Start of Block
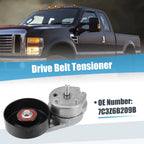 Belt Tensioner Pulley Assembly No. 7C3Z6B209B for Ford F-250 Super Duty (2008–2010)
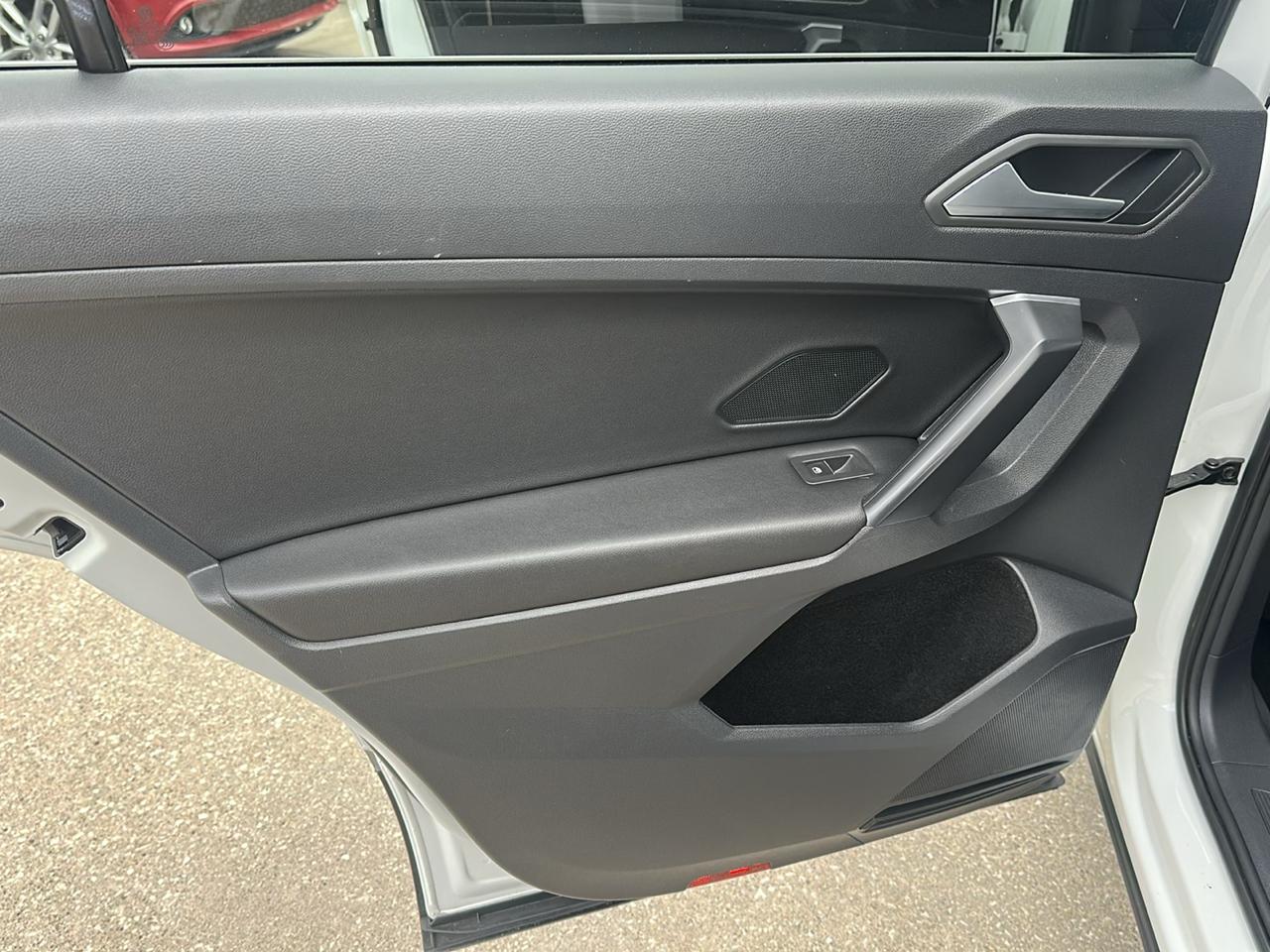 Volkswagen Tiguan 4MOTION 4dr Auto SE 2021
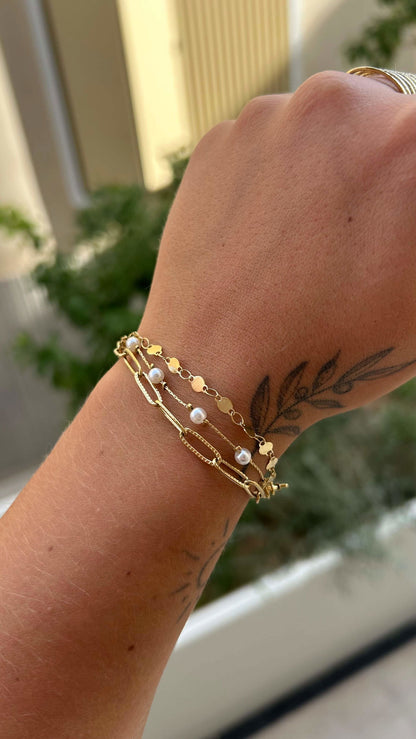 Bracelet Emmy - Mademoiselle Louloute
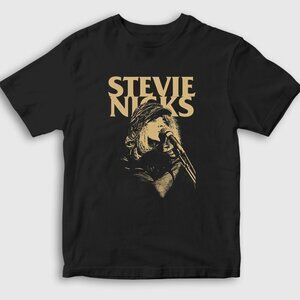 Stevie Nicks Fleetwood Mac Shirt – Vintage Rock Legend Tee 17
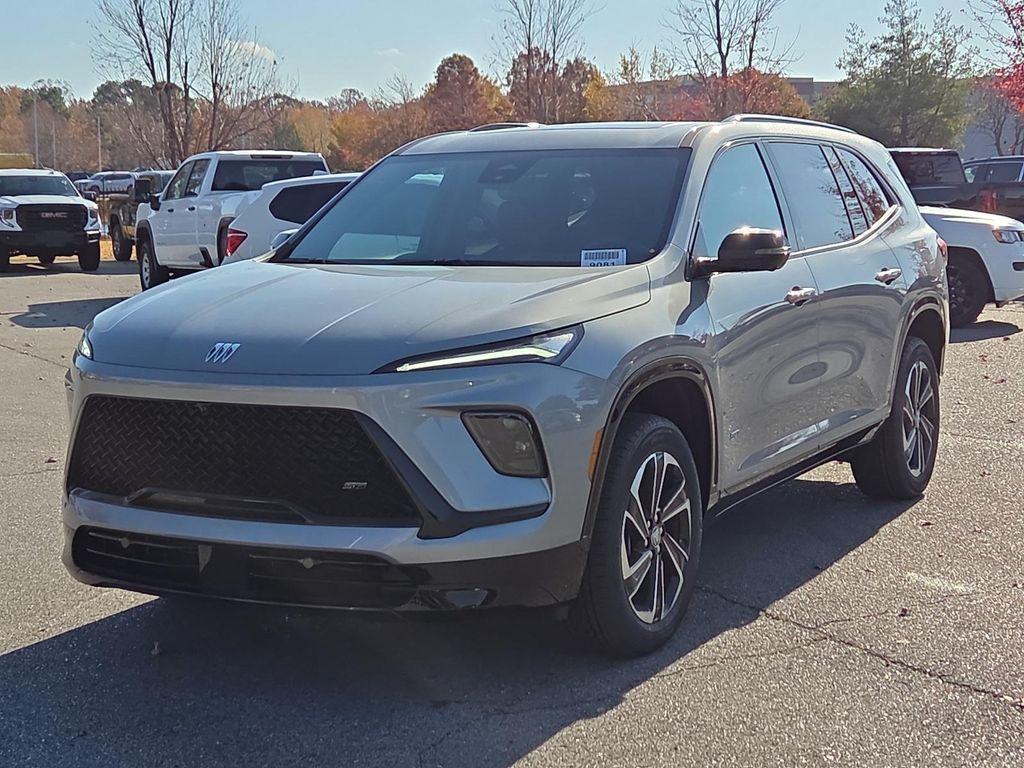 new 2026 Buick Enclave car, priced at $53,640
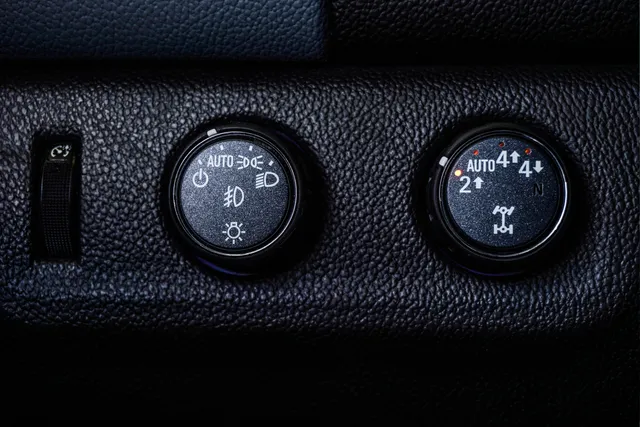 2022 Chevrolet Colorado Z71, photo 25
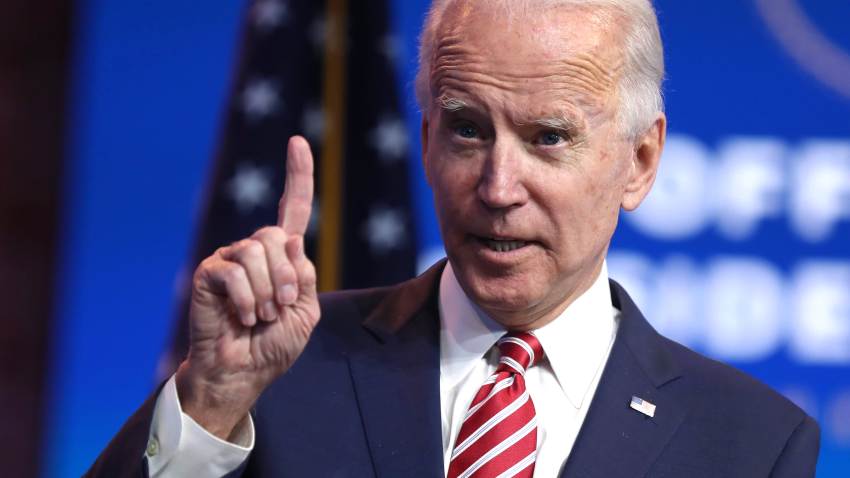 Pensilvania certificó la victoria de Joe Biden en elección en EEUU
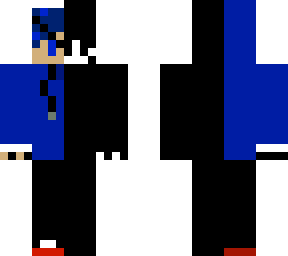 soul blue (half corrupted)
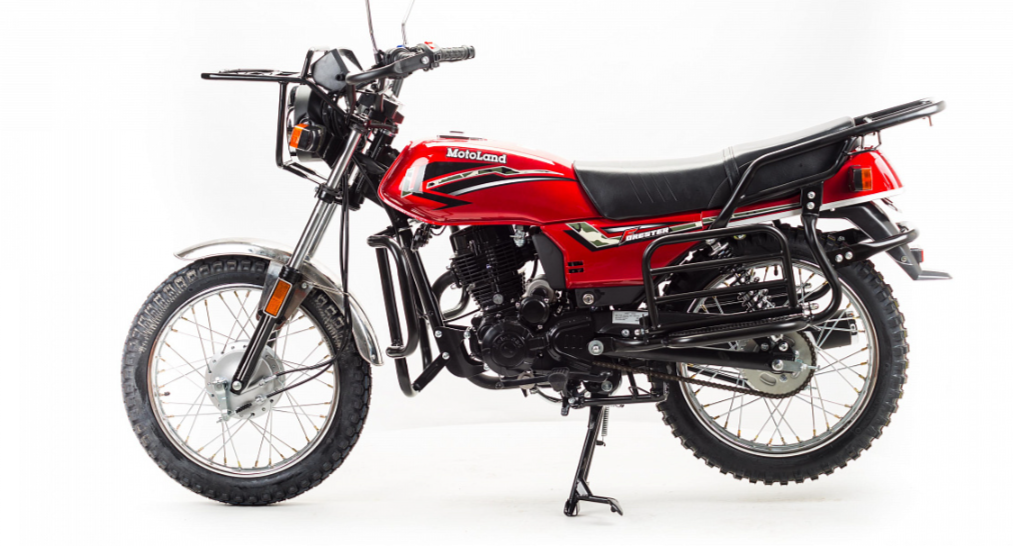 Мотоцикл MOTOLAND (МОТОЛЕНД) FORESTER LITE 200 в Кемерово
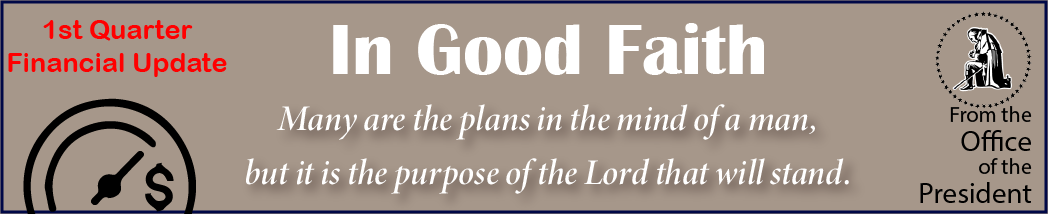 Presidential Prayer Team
End of Block
Start of Block
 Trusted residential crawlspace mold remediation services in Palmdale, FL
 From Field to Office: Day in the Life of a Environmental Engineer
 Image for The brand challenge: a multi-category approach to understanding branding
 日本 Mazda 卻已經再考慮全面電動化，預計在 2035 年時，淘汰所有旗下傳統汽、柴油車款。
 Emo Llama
End of Block
TASK OBJECTIVE → Go to the line above that has "Pensilvania certificó la" and copy exactly from there down to the line that has "Presidential Prayer Team", both included. Leave the pictures out.

RESPONSE →
 Pensilvania certificó la victoria de Joe Biden en elección en EEUU
 soul blue (half corrupted)
 Мотоцикл MOTOLAND (МОТОЛЕНД) FORESTER LITE 200 в Кемерово
 Presidential Prayer Team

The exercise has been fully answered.